Não se fala mais nisso.
- Senta
aí, Gaudêncio. Vou lhe servir a comida.
Os outros
também sentaram ao redor da mesa da cozinha e comeram ali mesmo. Nada de
arrumar mesa especial, sujar toalha, tirar louças do armário. Pra ter mais
serviço depois? Era mais confortável comer ali mesmo, ao redor do fogão de
lenha. Ainda mais que os primeiros sinais do inverno estavam aparecendo. O
minuano vindo da Argentina, soprando e cortando que nem navalha. Terminada a
refeição, Gaudêncio saiu para escola e os outros três ficaram conversando,
mantendo fogo no fogão. Um chimarrão novo foi preparado e ficaram mateando,
lembrando os tempos de meninos, das diabruras que aprontavam. Tempo bom fora
aquele. As crianças de hoje nem faziam ideia do que era a infância antigamente.
Nesse
ritmo nem viram o tempo passar e logo o estudante estava ali, pronto para
retornarem à fazenda. A cozinheira se despediu um pouco triste. Por ela
poderiam ficar ali até o dia seguinte, mas sabia das ocupações que cada um
tinha. Joaquim e Gaudêncio planejavam no da seguinte correr atrás da outra
testemunha. Talvez a encontrassem facilmente, mas poderia também ter mudado de
destino e sabe lá Deus onde estaria a uma hora dessas. Embarcáramos três na
caminhonete e rumaram para a Santa Maria. A estrada estava boa, pois pegavam
apenas um pequeno trecho de chão, o resto era tudo asfalto. Tratram de irem
dormir logo, para levantarem cedo pela manhã.
Antes de
botarem o pé na estrada conferiram se todas as ordens estavam sendo seguidas e
relembraram os nomes do casal que iriam procurar, bem como o nome da fazenda
onde haviam ido viver. Se tudo corresse de acordo antes do anoitecer estariam
de volta. Se não fosse possível, encontrariam onde dormir e continuariam a
busca no outro dia. O nome da fazenda era Calavera. Os proprietários eram de
descendência espanhola. Não deveria ser difícil encontrar o lugar. Tudo determinado,
saíram para a estrada, seguindo pelo asfalto até um vilarejo a cerca de 35km.

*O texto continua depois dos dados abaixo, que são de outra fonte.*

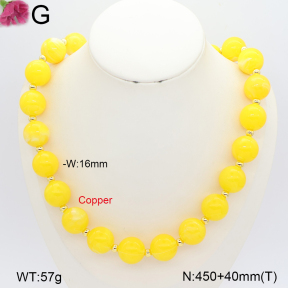 F2N300694vhkb-J111  Fashion Copper Necklace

Ali perguntaram pela fazenda e foram informados que deveriam sair do asfalto e
pegar a esquerda. Depois de uns quinze quilômetros, talvez mais um pouco
encontrariam uma encruzilhada. Em cada esquina havia uma árvore bem grande. Ali
deveriam seguir para direita e mais ou menos dois mil metros depois
encontrariam o portal com a placa. Não tinha erro.
Gaudêncio
estava saindo, quando Joaquim lembrou de perguntar ao informante.
- Sabe se
lá trabalha ou trabalhou como capataz um tal Tarcisio Dantas?
- Seu
Tarcísio, casado com dona Ernestina. Foi capataz sim, mas hoje está aposentado.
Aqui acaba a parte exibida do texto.